:: RECORDS SHOWN ::
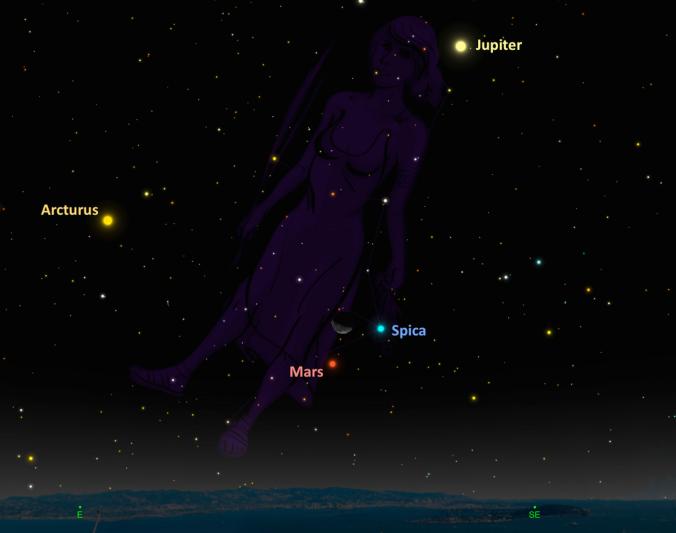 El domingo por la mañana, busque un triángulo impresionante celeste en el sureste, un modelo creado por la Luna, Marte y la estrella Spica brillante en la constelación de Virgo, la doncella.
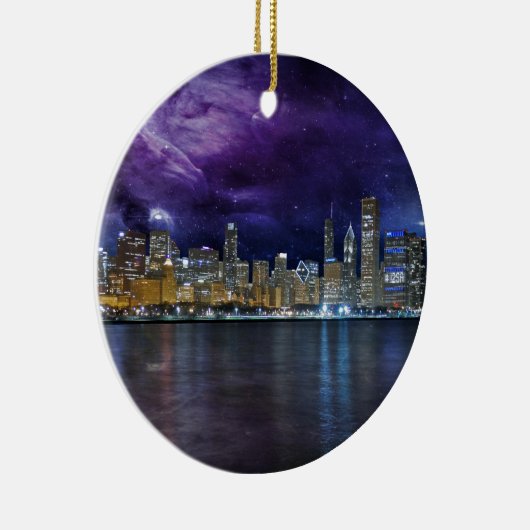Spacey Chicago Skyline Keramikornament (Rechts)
:::
:: RECORDS SHOWN ::
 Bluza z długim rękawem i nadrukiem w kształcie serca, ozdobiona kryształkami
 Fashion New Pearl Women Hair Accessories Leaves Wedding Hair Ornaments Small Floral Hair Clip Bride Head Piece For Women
:::
:: RECORDS SHOWN ::
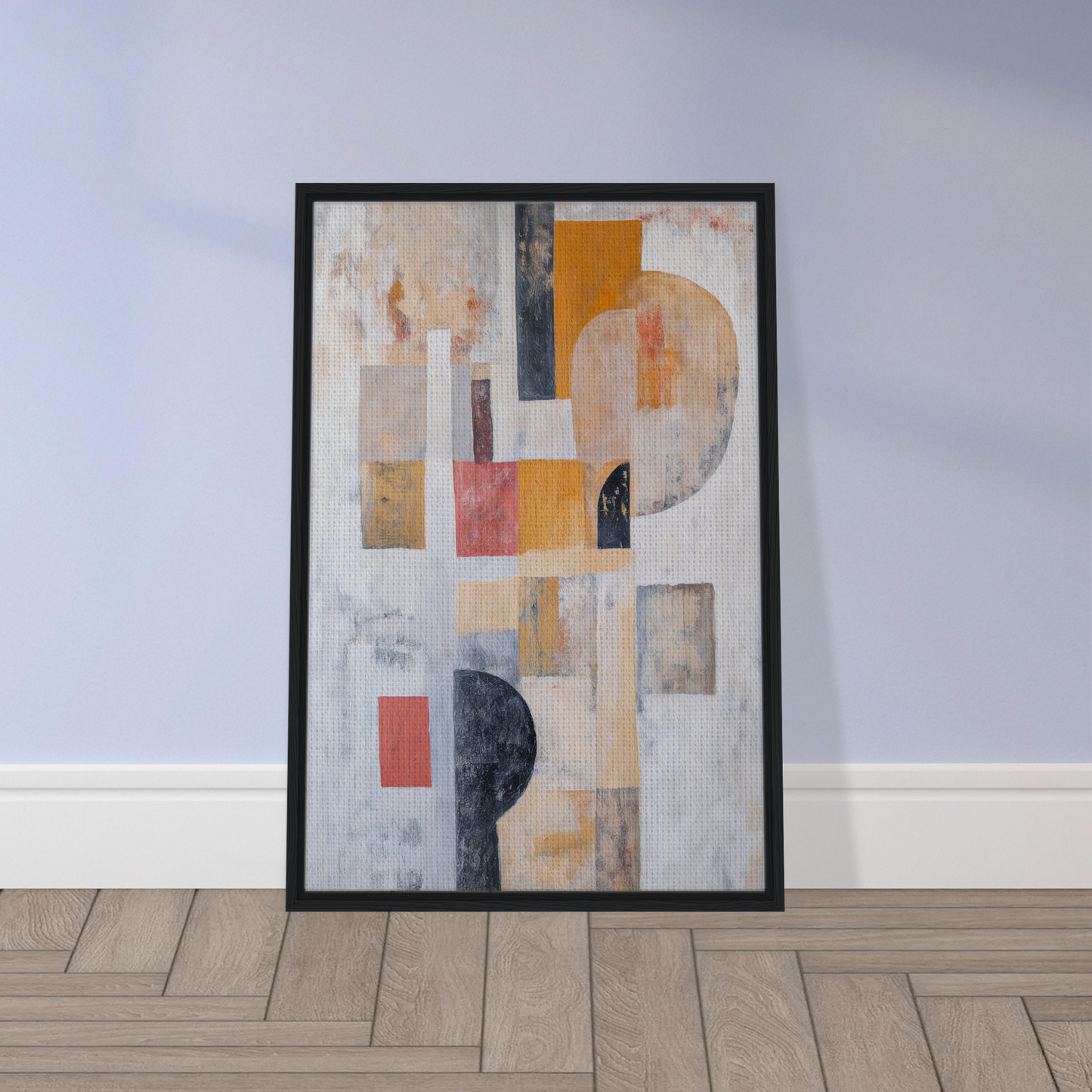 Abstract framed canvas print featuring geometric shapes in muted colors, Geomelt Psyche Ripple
:::
■ **EXERCISE**: Within the listing above, the lines from the one with "El domingo por" through the one with "Spacey Chicago Skyline" are to be given again word for word. Do not include pictures.

■ **OUTPUT**:
 El domingo por la mañana, busque un triángulo impresionante celeste en el sureste, un modelo creado por la Luna, Marte y la estrella Spica brillante en la constelación de Virgo, la doncella.
Spacey Chicago Skyline Keramikornament (Rechts)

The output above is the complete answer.